Produce word for word the lines of the data below running from the one that has "Фото приготовление рецепта: Грибной" to the one that has "2016 KENWORTH T800", inclusive, and no others.

Data for review.
---------------

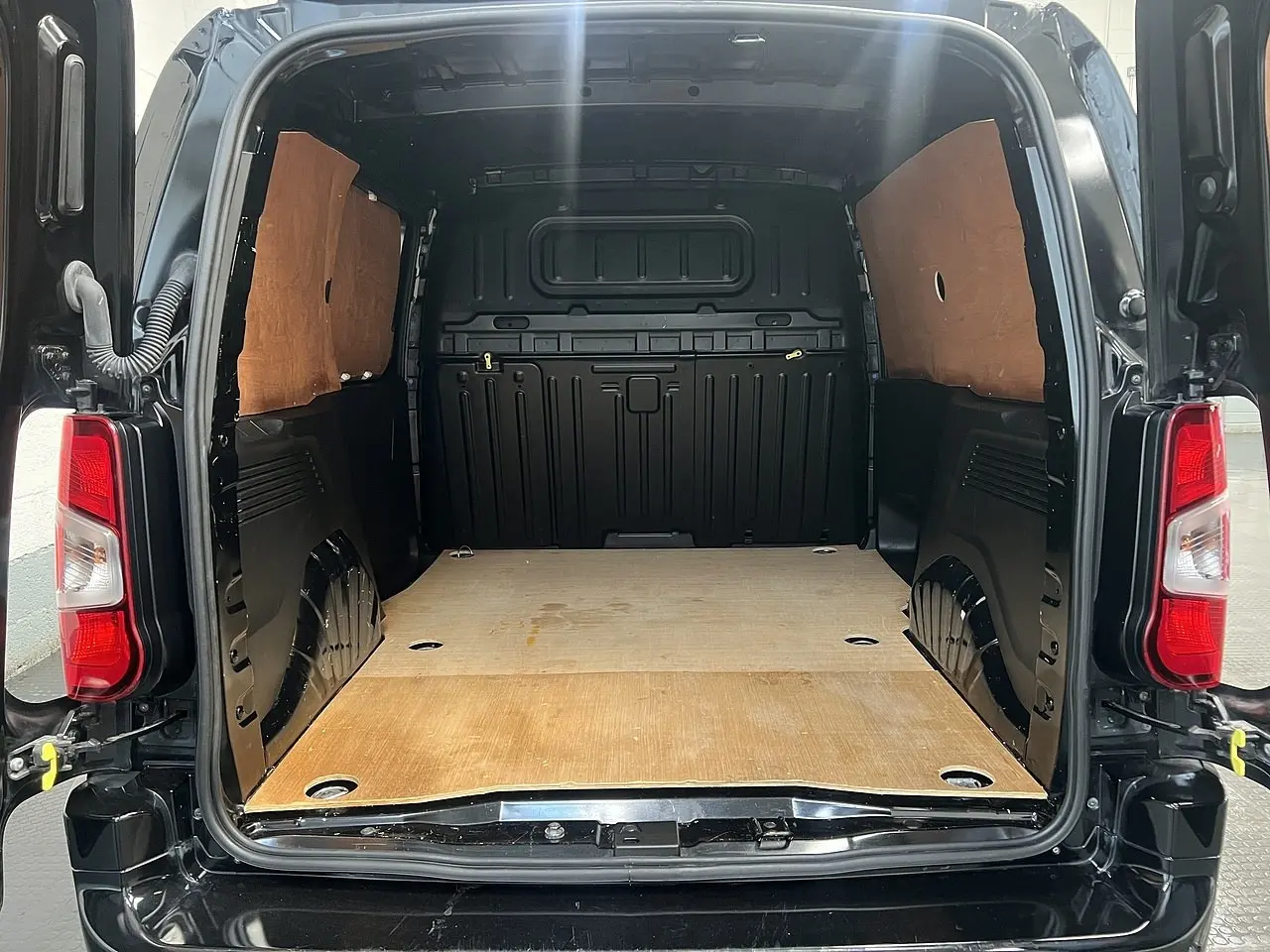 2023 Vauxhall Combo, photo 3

---------------

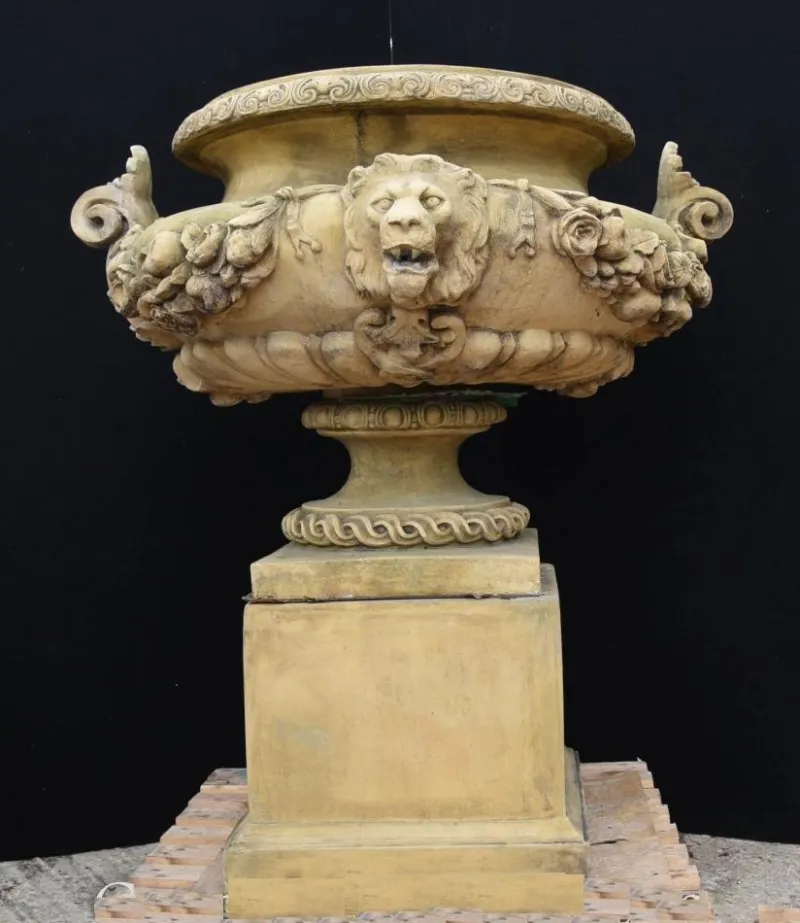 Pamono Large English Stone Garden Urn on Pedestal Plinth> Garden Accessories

---------------

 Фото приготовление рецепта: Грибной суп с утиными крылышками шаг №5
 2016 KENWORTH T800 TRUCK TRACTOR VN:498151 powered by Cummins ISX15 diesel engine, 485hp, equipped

---------------

Result of this exercise.
 Фото приготовление рецепта: Грибной суп с утиными крылышками шаг №5
 2016 KENWORTH T800 TRUCK TRACTOR VN:498151 powered by Cummins ISX15 diesel engine, 485hp, equipped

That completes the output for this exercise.